With Europe mired in crisis, President Barack Obama is launching a charm offensive this week to hitch the U.S. economy to opportunities in Asia he hopes can help power the recovery he needs for re-election.

Obama, who was born in Hawaii and spent part of his childhood in Indonesia, will host leaders of the Asia-Pacific Economic Cooperation forum, including Chinese President Hu Jintao and Japanese Prime Minister Yoshihiko Noda, in Honolulu this weekend to seek to improve trade ties across the region.

He will then travel to Australia to announce plans to boost the U.S. military presence in the region and will be the first American president to attend the East Asia Summit in Bali, where he will heap attention on the Philippines, Thailand, Malaysia and Indonesia as well as India.

The campaign to cozy up to Asian powers large and small comes at a critical moment for the U.S. economy, whose recovery is at risk because of a spiraling debt crisis in Europe that dominated a summit of Group of 20 leaders in France last week.

To have this trip happen when you have nothing but crisis in Europe and nothing but opportunity in Asia, you couldn't have more of a juxtaposition, said Victor Cha, who advised President George W. Bush on Asian affairs.

Georgetown University professor Charles Kupchan said he expected the Asia swing to be much more upbeat than the trip to Cannes had been for Obama, whose re-election chances in November 2012 hinge on his economic record.

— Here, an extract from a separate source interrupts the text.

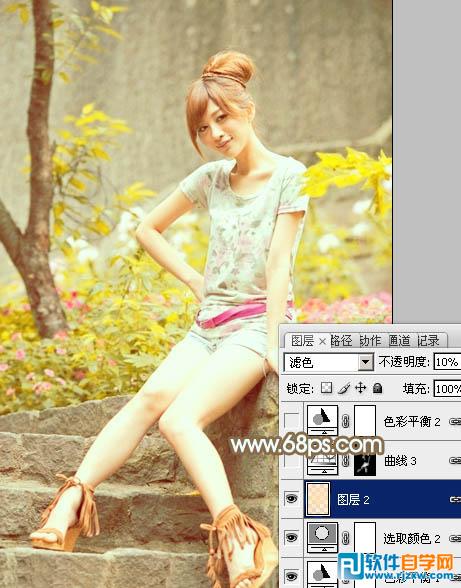 Photoshop调出花草边的美女加上柔和的黄褐色教程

Executives from companies such as Boeing, Caterpillar, General Electric and Time Warner Cable are also attending the APEC summit in Hawaii to help Obama make the case that closer ties with Asia will help create U.S. jobs.

When you look for rays of light, where is growth going to come from, one of the main answers is exports to Asia, Kupchan said. It is something that this president needs to focus on, particularly in an election season.

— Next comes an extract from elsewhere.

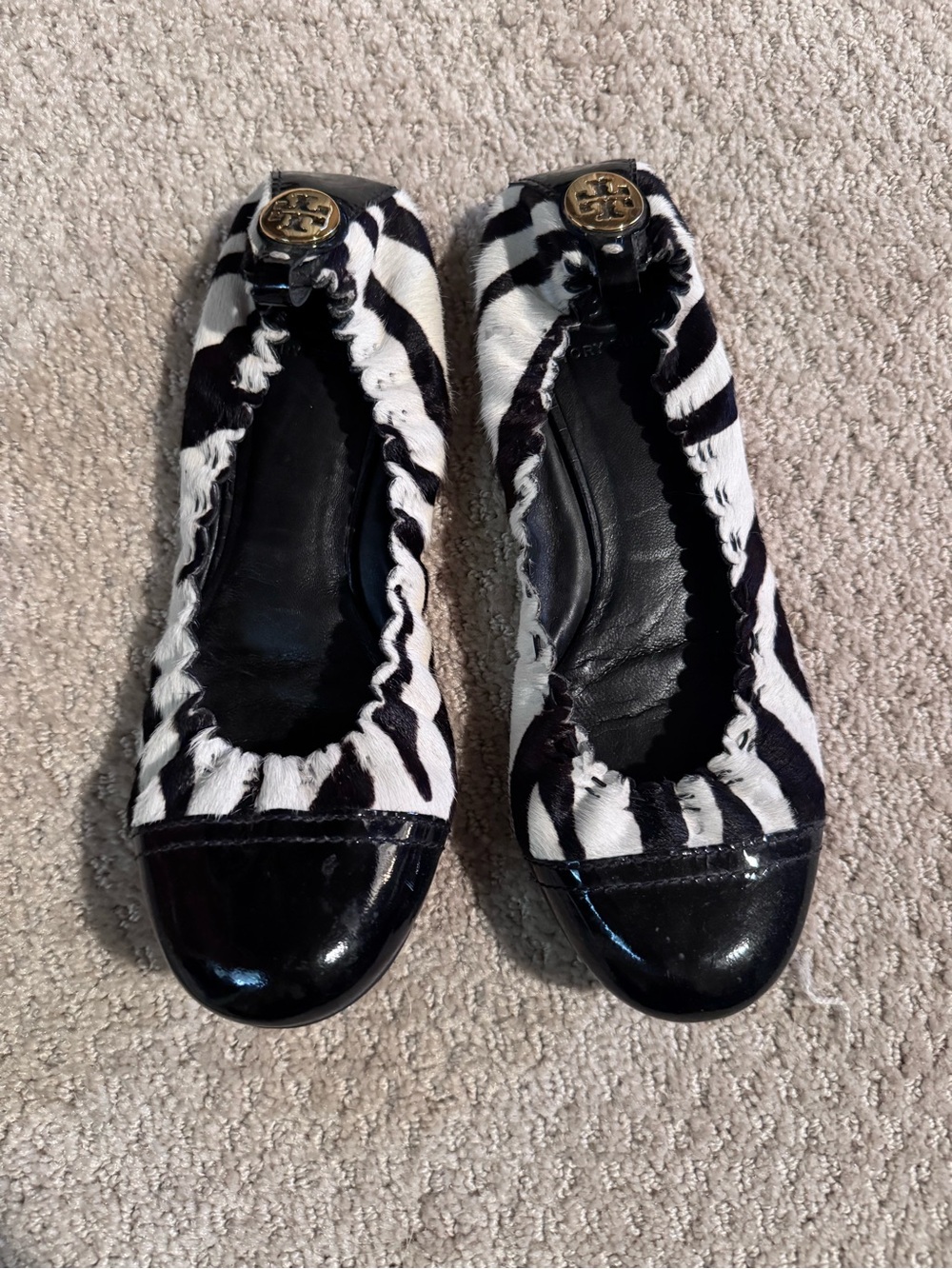 Tory Burch Black and White Zebra Print Ballet Flats with Gold Logo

Obama and his wife Michelle were scheduled to arrive in Honolulu later on Friday.

En route to Hawaii, they stopped at Naval Base Coronado near San Diego to attend the Carrier Classic college basketball game being held on the flight deck of the USS Carl Vinson, the aircraft carrier used for burial at sea of al Qaeda leader Osama bin Laden in May.

During the trip, Obama will not be able to leave the European financial crisis behind entirely.

Asia-Pacific finance ministers meeting before the leaders' summit fretted about Europe's lack of strong action to deal with crises in Greece and Italy and talked of ways to bolster their economies to minimize spillover.

PACIFIC POWER

Obama will also seek to reassert the U.S. role as a Pacific power, shifting more of its budget-stretched military resources to Asia as it pulls out of Afghanistan and Iraq and worries less about security in Europe.

Obama wants to make clear at the summit that the United States is all in as it relates to the Asia-Pacific region despite U.S. budget constraints, senior White House aide Ben Rhodes told reporters.

We believe we can ... play our role in terms of having a robust force posture even in a time of fiscal austerity in cuts in a defense budget, said Rhodes, a White House deputy national security adviser.

In Australia, Obama is set to announce an agreement for more than 2,000 U.S. Marines to train and do joint exercises from Darwin, a city with a large military presence on the country's northern coast, according to an Obama administration official familiar with the plans.

The cooperation deal is seen as a stepping stone to a more permanent presence for the United States in Australia, which could eventually see U.S. vessels stationed in Perth or nearby that could respond faster to regional threats or humanitarian emergencies than they could from Hawaii or California.

This is part of a big push to put the United States back into the Asian game after a decade or so in which it has been preoccupied with the Middle East, Kupchan said.

Obama is likely to avoid direct references to China when making the announcement, although the agreement is widely seen as a way for the United States to act as a check on Chinese power and defuse conflicts over waterways and disputed islands.

It is sending a very clear message that the United States is not ceding Asia diplomatically to China, said Cha, the former Bush adviser who is now a scholar at the Center for Strategic and International Studies.